"[R]ecommended to anyone interested in multiculturalism and migration....[and] food for thought also for scholars studying migration in less privileged contexts."--Social Anthropology
In this compelling study of the children of serial migrants, Danau Tanu argues that the international schools they attend promote an ideology of being "international" that is Eurocentric. Despite the cosmopolitan rhetoric, hierarchies of race, culture and class shape popularity, friendships, and romance on campus.

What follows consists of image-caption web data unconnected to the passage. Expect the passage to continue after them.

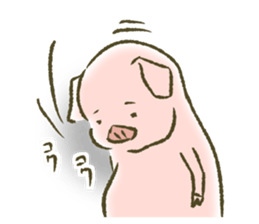 The world of the pig. 1 sticker #9878274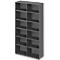 Schäfer Shop Genius open kast TETRIS WOOD, 6 OH, hoogte incl. glijders, tussenschot, B 1200 mm, grafiet
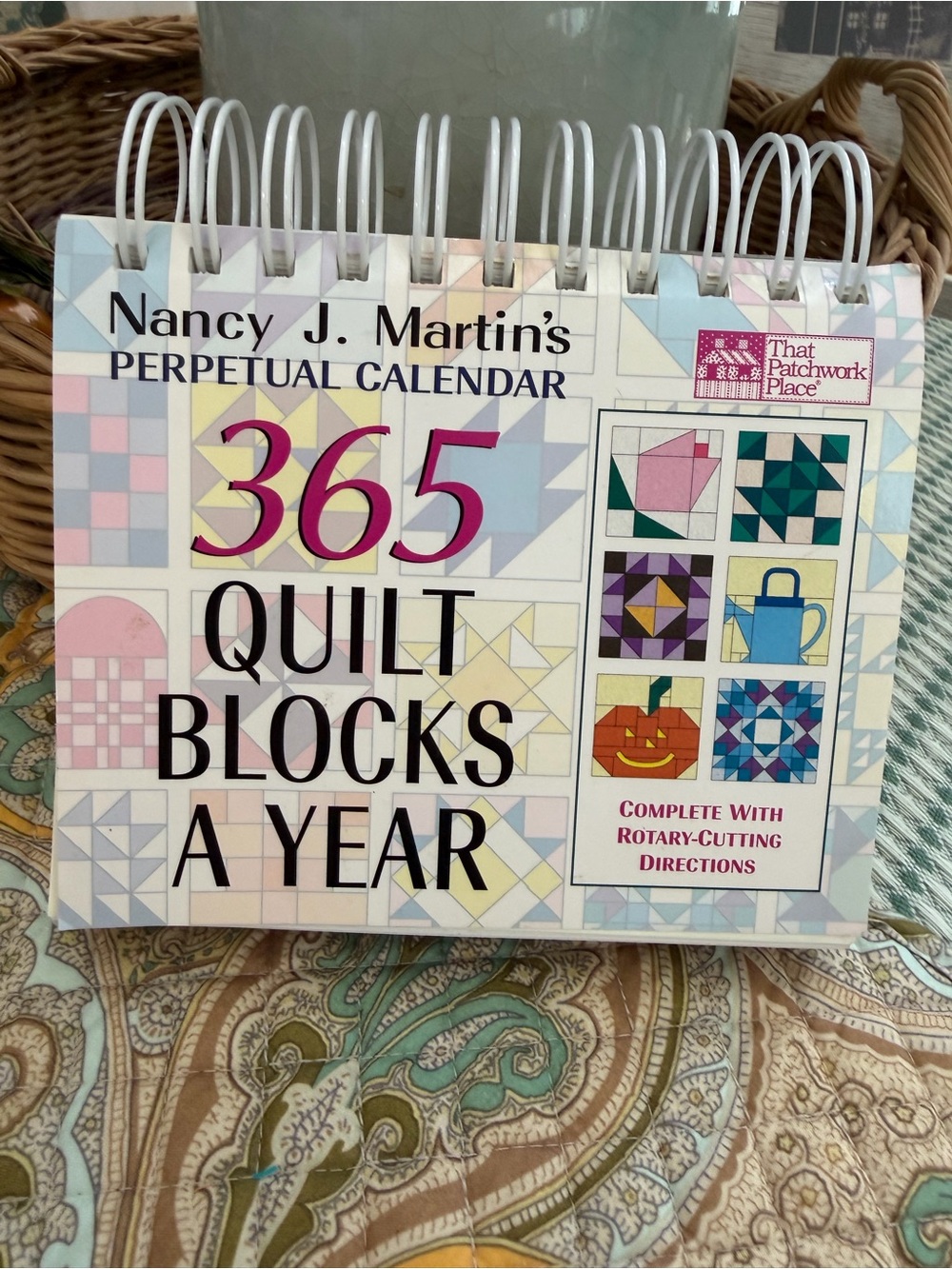 Vintage 1999 Nancy J Martin 365 Quilt Blocks a Year Perpetual Calendar Patterns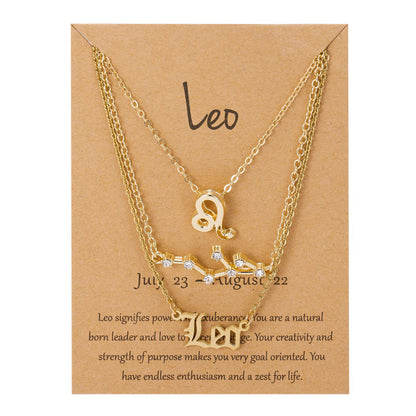 Zodiac Sign Pendant Necklace - TripleM Store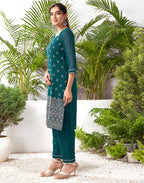 Georgette Embellished Straight 3 Piece Kurta Set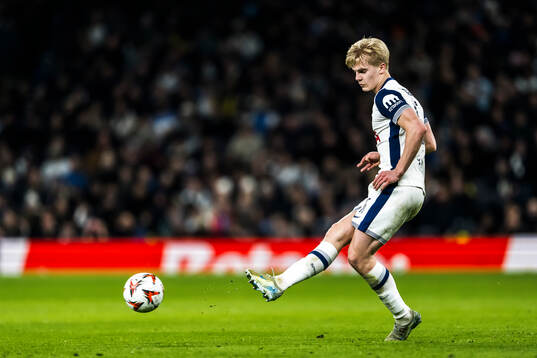 Lucas Bergvall of Tottenham Hotspur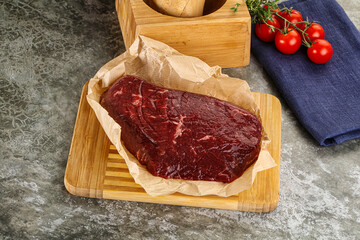 Raw beef shouler for cooking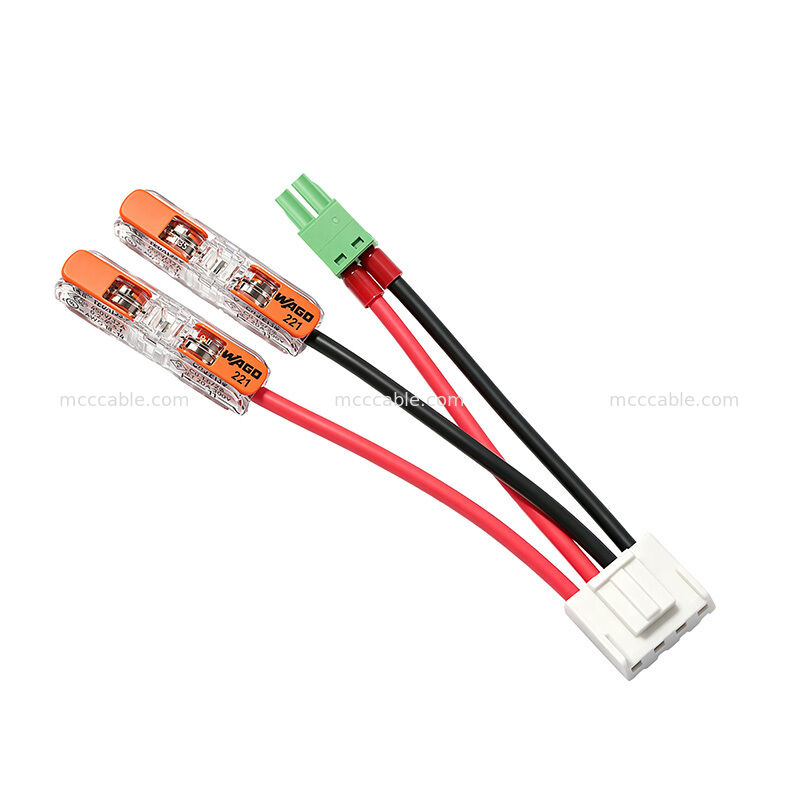 VHR-4N 15EDGK-3.5 221-2411 Wire Harness 18AWG 4 Pin Custom Cable Assembly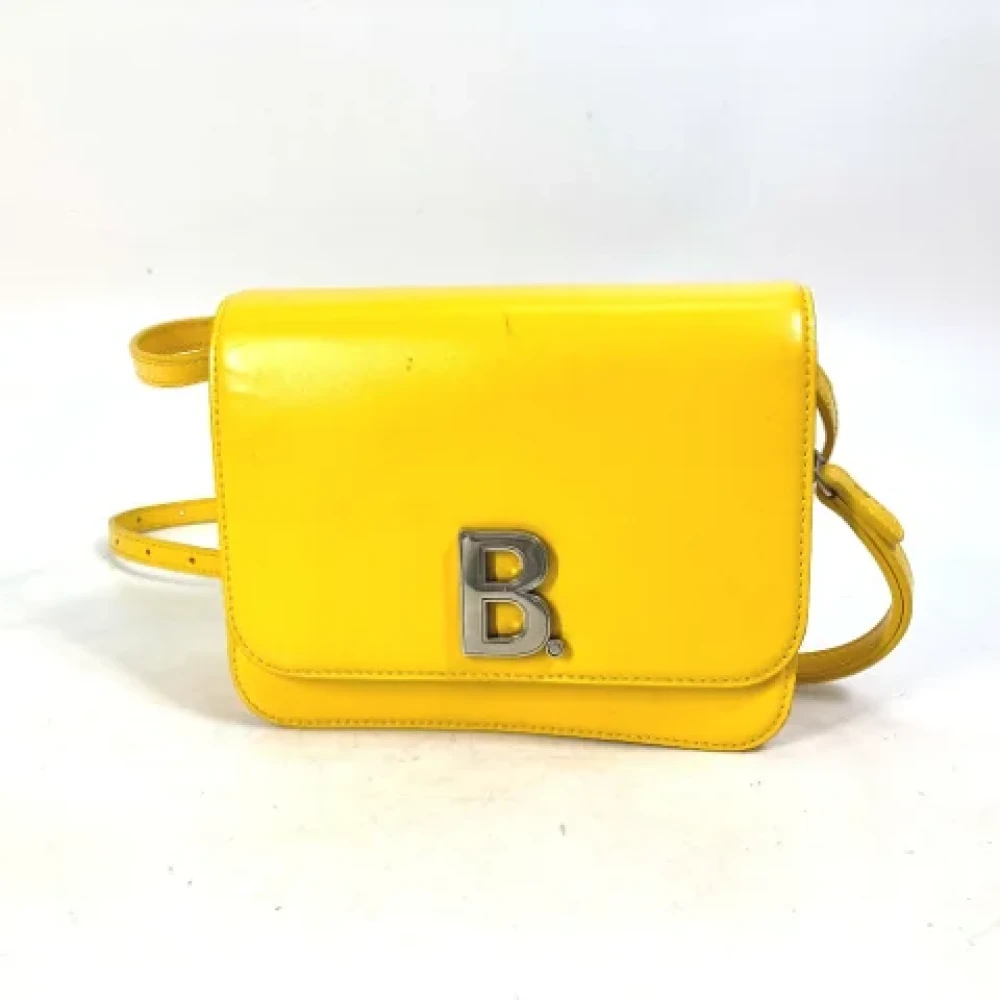 Balenciaga Vintage Pre-owned Leather shoulder-bags Yellow Dames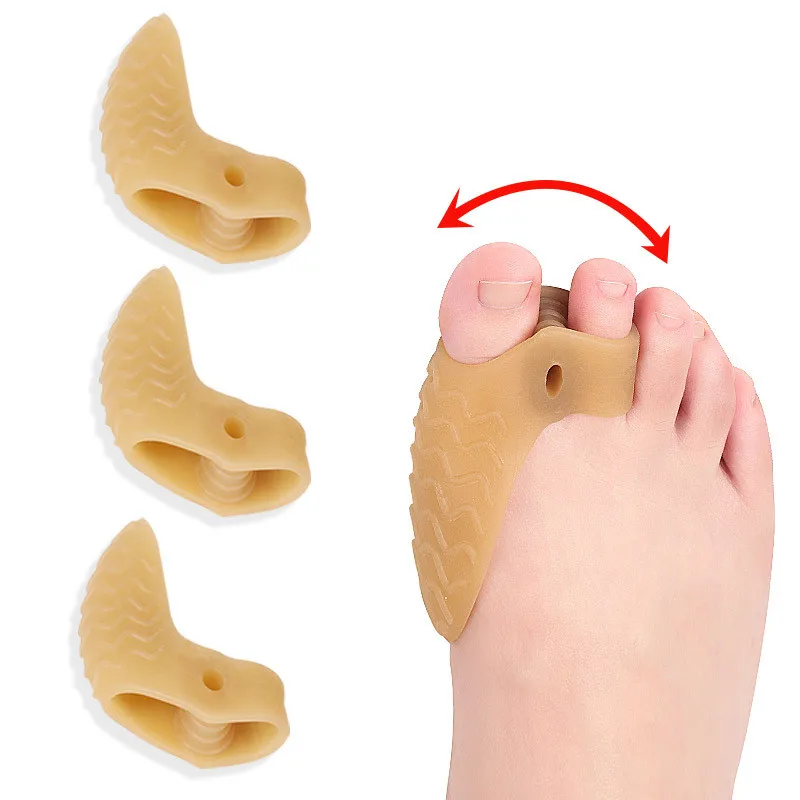 4pcs=2pair Negative Ion Double Hole Toe Separator Overlapping Corrugated Finger Straightener Hallux Valgus Spacer Pedicure
4pcs=2pair Negative Ion Double Hole Toe Separator Overlapping Corrugated Finger Straightener Hallux Valgus Spacer Pedicure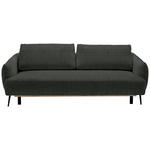 SCHLAFSOFA in Chenille Anthrazit  - Anthrazit/Schwarz, KONVENTIONELL, Textil/Metall (228/75/98cm) - Carryhome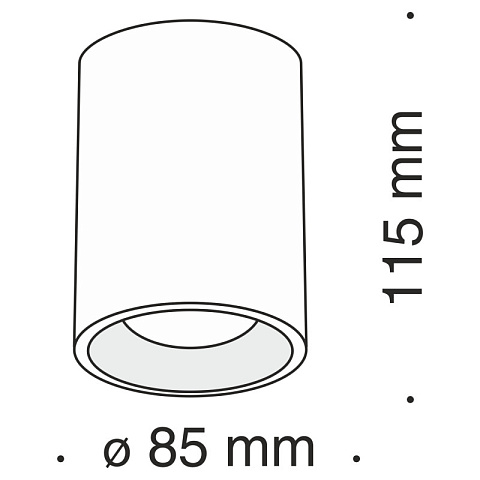 Накладной светильник Maytoni C012CL-01W
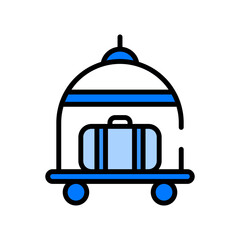 Suitcase Blue Filled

By going back to high school for a year, Tanu befriended transnational youth, often called "Third Culture Kids", to present their struggles with identity, belonging and internalized racism in their own words. The result is the first engaging, anthropological critique of the way Western-style cosmopolitanism is institutionalized as cultural capital to reproduce global socio-cultural inequalities.
From the introduction:
When I first went back to high school at thirty-something, I wanted to write a book about people who live in multiple countries as children and grow up into adults addicted to migrating. I wanted to write about people like Anne-Sophie Bolon who are popularly referred to as "Third Culture Kids" or "global nomads." ... I wanted to probe the contradiction between the celebrated image of "global citizens" and the economic privilege that makes their mobile lifestyle possible. From a personal angle, I was interested in exploring the voices among this population that had yet to be heard (particularly the voices of those of Asian descent) by documenting the persistence of culture, race, and language in defining social relations even among self-proclaimed cosmopolitan youth.